BSP will not be able to issue public statements on the proceedings during the arbitration, according to news outlet Business World.
Meanwhile, AllCard has promised to erase any backlog within 12 months, urging the BSP to rethink its decision and filing a motion for reconsideration. The company said it was fully capable of meeting the deadline despite the disruption due to “unforeseen challenges” and the ongoing arbitration case, The Inquirer reports.
Philippine ID card saga gets complicated
Local media has also revealed that AllCard already sought arbitration in January 2024 just before the central bank decided to abandon the contract. According to the Commission on Audit (COA), BSP imposed fines on AllCard which may have prompted the company to seek arbitration.
Several groups have called for further investigation into the BSP’s handling of the contract, with lawmakers accusing the central bank of subcontracting the national ID production. BSP has denied the claims.
Meanwhile, the Philippine Statistics Authority (PSA), which gathers the data for the ID cards, attributed the delays to both AllCard and BSP, which is formally in charge of printing the IDs, according to news outlet Bilyonaryo.
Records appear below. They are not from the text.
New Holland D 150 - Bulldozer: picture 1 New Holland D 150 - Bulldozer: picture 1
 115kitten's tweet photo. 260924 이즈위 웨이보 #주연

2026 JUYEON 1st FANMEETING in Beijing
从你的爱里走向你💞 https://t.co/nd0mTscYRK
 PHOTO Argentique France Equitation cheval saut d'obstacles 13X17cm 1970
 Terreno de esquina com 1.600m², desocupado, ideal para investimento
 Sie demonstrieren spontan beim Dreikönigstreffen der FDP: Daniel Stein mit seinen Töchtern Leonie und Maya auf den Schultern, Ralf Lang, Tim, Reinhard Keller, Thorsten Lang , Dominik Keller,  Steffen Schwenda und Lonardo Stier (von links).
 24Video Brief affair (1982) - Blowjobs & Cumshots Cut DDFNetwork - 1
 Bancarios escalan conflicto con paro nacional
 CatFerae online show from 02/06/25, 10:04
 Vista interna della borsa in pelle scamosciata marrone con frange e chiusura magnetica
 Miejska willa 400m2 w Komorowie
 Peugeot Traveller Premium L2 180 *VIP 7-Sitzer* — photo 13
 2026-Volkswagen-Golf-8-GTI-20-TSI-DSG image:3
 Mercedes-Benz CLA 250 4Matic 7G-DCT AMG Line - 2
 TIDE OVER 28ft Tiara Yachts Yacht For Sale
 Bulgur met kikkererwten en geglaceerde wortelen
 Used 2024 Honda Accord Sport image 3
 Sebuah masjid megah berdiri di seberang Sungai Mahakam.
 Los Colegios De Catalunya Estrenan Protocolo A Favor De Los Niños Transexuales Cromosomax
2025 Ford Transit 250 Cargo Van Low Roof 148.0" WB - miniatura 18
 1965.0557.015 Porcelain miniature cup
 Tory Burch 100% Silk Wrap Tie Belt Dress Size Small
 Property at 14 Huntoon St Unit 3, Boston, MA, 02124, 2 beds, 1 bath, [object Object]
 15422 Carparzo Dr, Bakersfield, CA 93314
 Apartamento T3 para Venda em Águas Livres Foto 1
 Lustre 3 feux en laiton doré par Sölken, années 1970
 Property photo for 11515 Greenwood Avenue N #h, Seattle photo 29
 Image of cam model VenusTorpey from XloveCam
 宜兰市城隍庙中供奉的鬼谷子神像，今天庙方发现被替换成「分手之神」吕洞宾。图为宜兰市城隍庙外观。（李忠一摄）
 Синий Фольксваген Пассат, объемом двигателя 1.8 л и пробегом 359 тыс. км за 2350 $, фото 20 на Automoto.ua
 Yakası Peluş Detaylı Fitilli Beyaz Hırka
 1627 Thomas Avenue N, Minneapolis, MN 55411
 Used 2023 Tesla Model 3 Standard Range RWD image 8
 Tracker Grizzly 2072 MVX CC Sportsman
As early as March 2023, the agency wrote to the central bank asking to terminate their Memorandum of Understanding once PSA receives 55 million cards. At the time, the PSA held 35 million cards, The Rappler reports.
The examination of the Commission on Audit (COA), however, shows that delays in receiving necessary data impacted the printing schedule while PSA faced its own delays. A consultant for the PSA, responsible for developing the card personalization management system needed for printing, encountered its own set of issues, the report notes.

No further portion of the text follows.